Akhir September 2022, ketika pasukan Kyiv bersiap merebut kembali Kherson dan Donetsk dari cengkeraman Rusia, langit-langit mereka gelap. Bukan karena cuaca, tapi karena Starlink—sumber komunikasi utama mereka—tiba-tiba terputus.
Layanan satelit yang selama ini menjadi nadi komunikasi militer mendadak kolaps, bukan karena serangan siber Rusia, tapi karena satu perintah privat dari markas SpaceX: matikan.
Konon, menurut para insinyur yang mendapat perintah itu, alasan Musk sederhana: khawatir jika internet tetap menyala, Ukraina akan terlalu berani. Ia takut serangan ke wilayah Rusia bisa memancing nuklir. Logika yang terdengar seperti pesan damai, meski dampaknya setajam rudal.
Satu keputusan, satu miliar konsekuensi. Drone Ukraina lumpuh, pasukan kehilangan koordinasi, dan serangan yang hampir berhasil berubah menjadi langkah ragu-ragu. Di titik itu, bukan jenderal yang menentukan peta perang, melainkan pemilik perusahaan roket yang juga gemar bercanda di Twitter.
Sementara militer Ukraina panik dan mencoba menghubungi Pentagon, Musk sudah lebih dulu memutus sambungan. Dalam versi SpaceX, mereka tidak pernah mengaktifkan Starlink di area itu sejak awal, dan karena itu tidak mematikannya. Sebuah argumen yang jika diputar ulang terdengar seperti, “Kalau listrik tak pernah nyala, berarti saya bukan yang matiin.”
Tapi krisis tak selesai di situ. Tahun 2025, jaringan Starlink kembali tumbang—kali ini karena software glitch. Hasilnya sama: operasi militer Ukraina terganggu, komunikasi buyar, dan para pilot drone mendadak seperti pemain game online yang kehilangan Wi-Fi di tengah laga final.
Pertanyaannya sederhana tapi mengerikan: jika satu orang bisa menyalakan dan mematikan perang dari kursi kantornya di Texas, apakah dunia masih dalam kendali negara? Atau kita sedang hidup di realitas baru, di mana penguasa langit adalah CEO yang juga menjual mobil listrik dan bercita-cita pindah ke Mars?

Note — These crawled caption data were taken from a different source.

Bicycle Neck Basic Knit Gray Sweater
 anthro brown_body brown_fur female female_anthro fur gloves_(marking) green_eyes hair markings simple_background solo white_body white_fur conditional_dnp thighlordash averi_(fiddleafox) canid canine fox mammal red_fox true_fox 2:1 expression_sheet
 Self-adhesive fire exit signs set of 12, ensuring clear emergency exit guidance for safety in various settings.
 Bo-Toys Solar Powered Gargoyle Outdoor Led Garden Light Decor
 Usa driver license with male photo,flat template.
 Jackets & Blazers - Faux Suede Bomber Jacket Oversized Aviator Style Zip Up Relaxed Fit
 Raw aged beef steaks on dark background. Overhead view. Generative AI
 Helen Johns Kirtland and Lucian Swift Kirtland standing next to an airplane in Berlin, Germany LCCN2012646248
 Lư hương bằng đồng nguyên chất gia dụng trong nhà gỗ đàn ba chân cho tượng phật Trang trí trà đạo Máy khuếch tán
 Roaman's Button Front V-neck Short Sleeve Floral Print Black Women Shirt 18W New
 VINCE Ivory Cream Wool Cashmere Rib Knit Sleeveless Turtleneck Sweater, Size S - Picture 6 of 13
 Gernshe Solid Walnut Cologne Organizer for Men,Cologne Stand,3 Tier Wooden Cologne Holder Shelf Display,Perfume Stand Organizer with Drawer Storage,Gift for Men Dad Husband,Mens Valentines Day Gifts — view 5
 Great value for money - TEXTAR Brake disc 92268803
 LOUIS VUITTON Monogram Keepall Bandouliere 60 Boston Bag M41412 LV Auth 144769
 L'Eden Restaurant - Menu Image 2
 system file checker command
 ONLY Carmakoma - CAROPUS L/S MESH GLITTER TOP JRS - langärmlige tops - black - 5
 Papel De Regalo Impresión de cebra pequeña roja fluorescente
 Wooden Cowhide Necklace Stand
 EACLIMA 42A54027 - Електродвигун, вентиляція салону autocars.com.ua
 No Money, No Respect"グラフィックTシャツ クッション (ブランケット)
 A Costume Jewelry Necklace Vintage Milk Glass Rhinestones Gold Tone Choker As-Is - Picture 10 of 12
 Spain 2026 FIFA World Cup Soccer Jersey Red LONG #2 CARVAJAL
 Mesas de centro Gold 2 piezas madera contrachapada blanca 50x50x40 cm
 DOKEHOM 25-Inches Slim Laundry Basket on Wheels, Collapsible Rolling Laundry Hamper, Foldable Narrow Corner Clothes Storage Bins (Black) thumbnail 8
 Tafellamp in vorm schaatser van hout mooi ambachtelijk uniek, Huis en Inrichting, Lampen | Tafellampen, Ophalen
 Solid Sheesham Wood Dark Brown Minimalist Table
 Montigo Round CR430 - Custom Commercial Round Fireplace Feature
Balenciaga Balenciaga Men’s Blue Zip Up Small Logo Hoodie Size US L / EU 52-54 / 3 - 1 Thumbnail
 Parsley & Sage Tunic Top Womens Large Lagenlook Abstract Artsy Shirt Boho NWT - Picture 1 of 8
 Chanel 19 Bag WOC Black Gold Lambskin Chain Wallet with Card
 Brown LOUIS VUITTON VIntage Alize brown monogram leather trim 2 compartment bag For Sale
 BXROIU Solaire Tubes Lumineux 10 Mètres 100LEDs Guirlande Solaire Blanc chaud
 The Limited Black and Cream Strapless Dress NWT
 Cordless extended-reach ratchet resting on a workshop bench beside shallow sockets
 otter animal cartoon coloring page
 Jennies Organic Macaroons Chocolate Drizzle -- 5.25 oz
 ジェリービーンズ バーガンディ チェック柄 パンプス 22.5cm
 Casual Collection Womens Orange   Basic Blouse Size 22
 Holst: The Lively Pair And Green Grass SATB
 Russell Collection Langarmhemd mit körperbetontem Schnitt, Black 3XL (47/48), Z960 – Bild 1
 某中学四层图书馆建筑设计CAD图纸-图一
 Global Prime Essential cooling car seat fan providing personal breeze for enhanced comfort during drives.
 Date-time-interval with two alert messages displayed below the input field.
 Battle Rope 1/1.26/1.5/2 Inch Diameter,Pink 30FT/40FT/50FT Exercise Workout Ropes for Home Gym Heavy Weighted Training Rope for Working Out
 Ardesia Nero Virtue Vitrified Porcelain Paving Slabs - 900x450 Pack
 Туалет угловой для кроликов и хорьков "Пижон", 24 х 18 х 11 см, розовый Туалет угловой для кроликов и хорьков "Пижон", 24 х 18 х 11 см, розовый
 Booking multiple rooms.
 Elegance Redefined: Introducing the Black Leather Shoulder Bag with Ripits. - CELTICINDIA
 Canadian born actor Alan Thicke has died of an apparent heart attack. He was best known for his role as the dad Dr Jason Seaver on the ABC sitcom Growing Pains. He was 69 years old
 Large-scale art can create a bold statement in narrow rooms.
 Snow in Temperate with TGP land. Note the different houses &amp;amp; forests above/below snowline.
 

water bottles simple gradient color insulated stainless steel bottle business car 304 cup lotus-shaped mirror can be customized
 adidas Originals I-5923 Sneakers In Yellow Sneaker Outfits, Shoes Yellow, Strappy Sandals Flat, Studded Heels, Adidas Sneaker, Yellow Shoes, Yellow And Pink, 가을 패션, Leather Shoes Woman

Musk menolak semua tuduhan, menyebut laporan Reuters sebagai “kebohongan.” Ia mengklaim bahwa tak ada tekanan dari AS untuk menyalakan atau mematikan layanan. Tapi dalam perang modern, klarifikasi datang terlalu lambat—dan kadang terlambat sama artinya dengan kalah.
Kini, Ukraina menggantungkan harapan pada janji stabilitas, dan mungkin kontrak hukum, agar komunikasi tak lagi bergantung pada suasana hati pria yang suka menamai anak dengan simbol matematika.
Satu hal yang pasti: satelit tidak lagi netral. Ia bisa menjadi peluru, bisa menjadi perisai, dan di tangan yang salah—atau terlalu berkuasa—bisa menjadi saklar hidup-mati sebuah bangsa.
Dan jika ada satu pelajaran dari semua ini: di masa depan, mungkin lebih aman bergantung pada doa, ketimbang Wi-Fi.